西側から眺めるせいで、午後になると光線の状態がいいのがうれしい。甲州側から南アルプスを眺めようと日帰り登山するとき、眺めのいい場所についた頃には、すでに逆光気味になっていることが多い。その意味ではこちら側の山は有利だ。

昨日の戸倉山とはうって変わって風もなく、せっかく買った渓の防風着も出番がなかった。午後の陽射しが暖かい。パンをかじってのいつもの昼食。たとえ百円のパンでもこの風景の中ではどんな豪華料理にも勝る。

よちよちと歩き回る渓の写真を撮る。その背景には白銀の峰々が。まだ知らぬこれらを歩くのはいつの日か。それを果たしたのち、またここに来て、親しくなった峰々と、それを初めて間近に見せてくれた大西山に久濶を叙したいと思う。でも、もうその時には渓は背中にはいまい。

親子で歩いて登るのだろうか。山などまっぴらと友達と遊ぶ年齢になっているかもしれない。それならそれでいい。いずれ子は親を離れ、親も子から遠ざかる。渓を背負って山を歩いた日々はただ親の想い出でしかない。
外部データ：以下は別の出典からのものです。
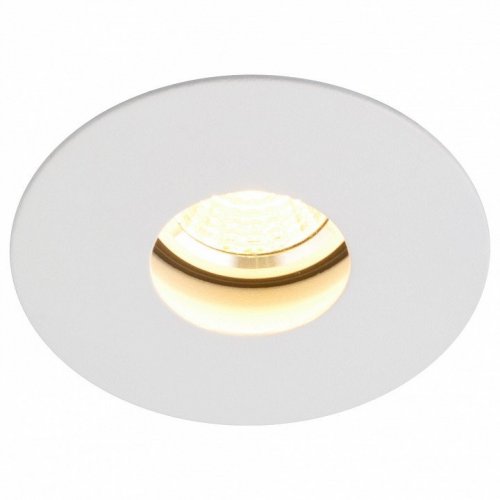 Встраиваемый светильник Arte Lamp A3217PL-1WH
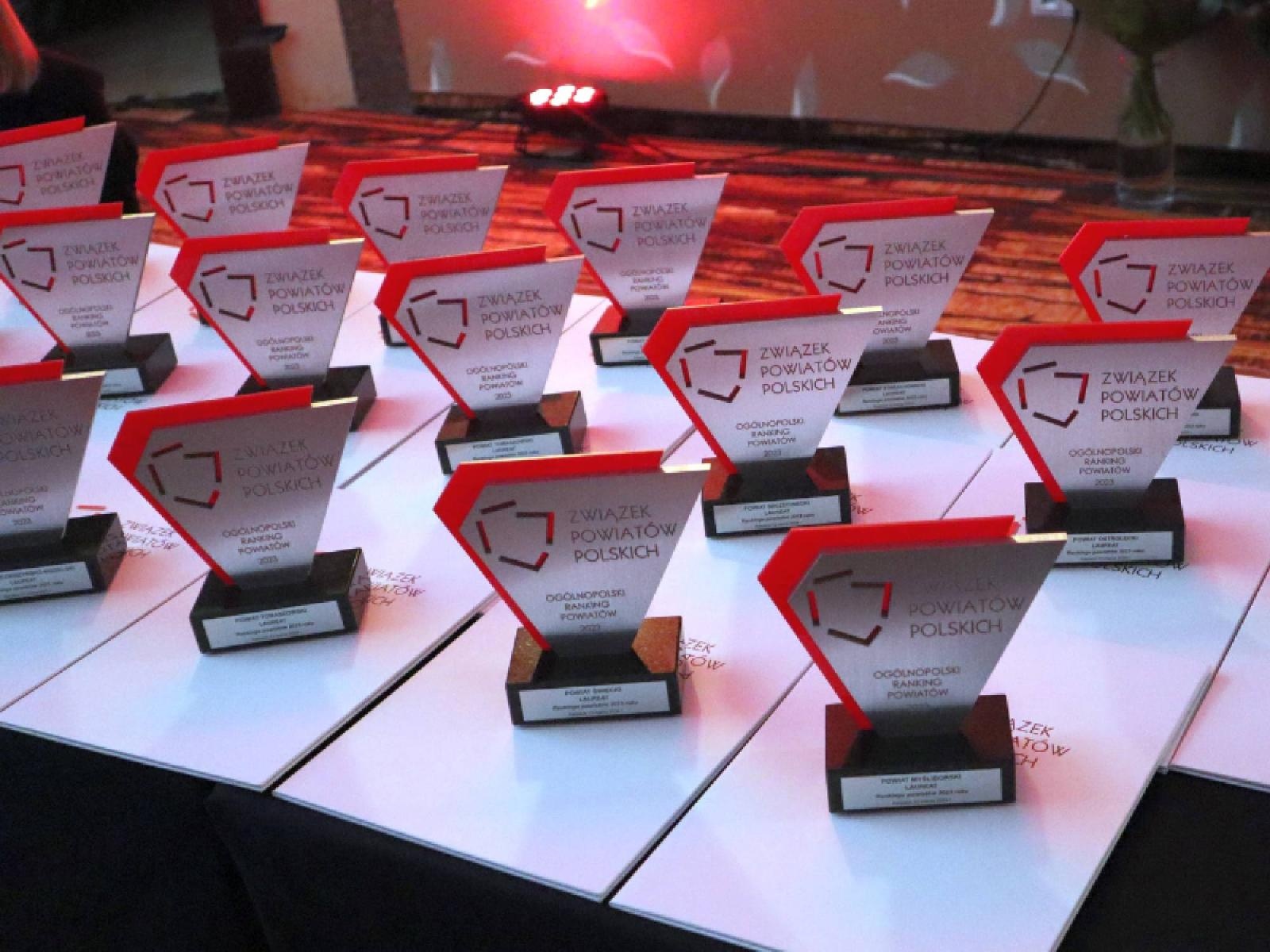 Zdjęcie w galerii na portalu naszraciborz.pl: Powiat Raciborski najlepszy w Polsce! wiadomości z regionu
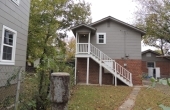 1517 1/2 S. Main Street Sapulpa, OK 74066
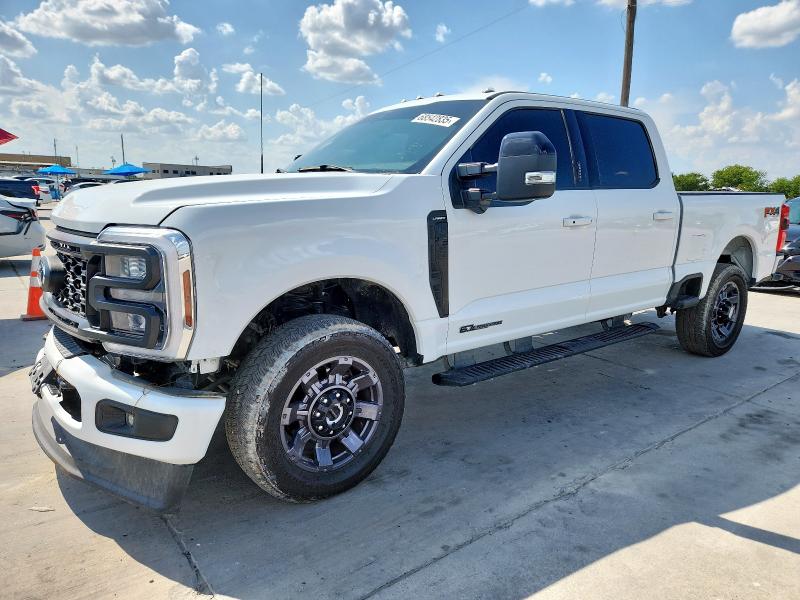 2024 FORD F250 SUPER DUTY, 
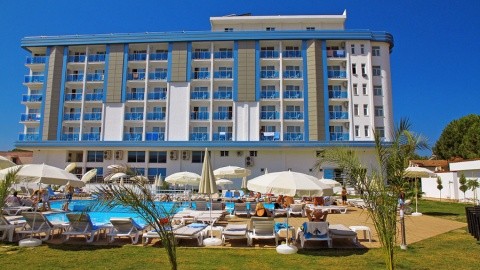 My Aegean Star - 4 csillagos sz&aacute;ll&aacute;s - T&ouml;r&ouml;korsz&aacute;g, Kusadasi - All inclusive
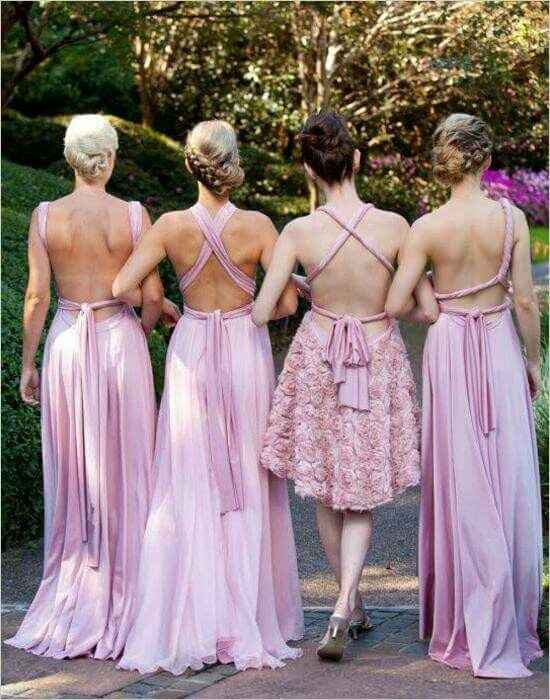 10 coisas para as damas de honor - 1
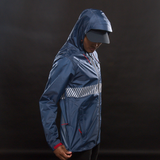 Fusion Rain Jacket - Navy - XL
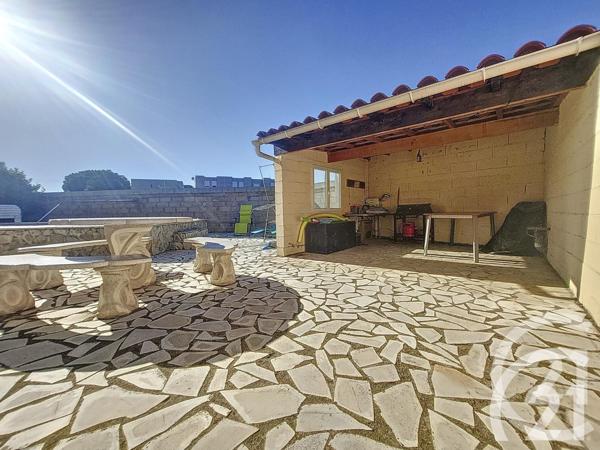 Maison à vendre  4 pièces - 87 m2 LE BOULOU - 66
登りに三時間かかった山径も、下りはその半分あまりで登山口へ戻った。車に戻って、あらためて振り返る大西山は、登るのに三時間もかかるとはやっぱり思えない、ちょっとした裏山にしか見えなかった。

帰りがけ、小渋橋に車を止めて、赤石岳に最後の挨拶をした。大西山から見るより距離は短くなるのに、白籏さんの写真のイメージの強い僕には、やはり遠く感じる。まだ登らない山だというのも遠く感じる理由だろう。いつの日にか登り終えたのちここで振り返る時、もっと近くに感じるだろうか。